→ SUPPLIED MATERIAL:
::::::
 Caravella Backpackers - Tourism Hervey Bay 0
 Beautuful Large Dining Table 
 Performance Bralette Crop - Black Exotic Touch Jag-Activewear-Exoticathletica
::::::
→ TASK OBJECTIVE:
For this exercise, repeat the data above exactly.

→ SOLUTION FOR THIS TASK:
 Caravella Backpackers - Tourism Hervey Bay 0
 Beautuful Large Dining Table 
 Performance Bralette Crop - Black Exotic Touch Jag-Activewear-Exoticathletica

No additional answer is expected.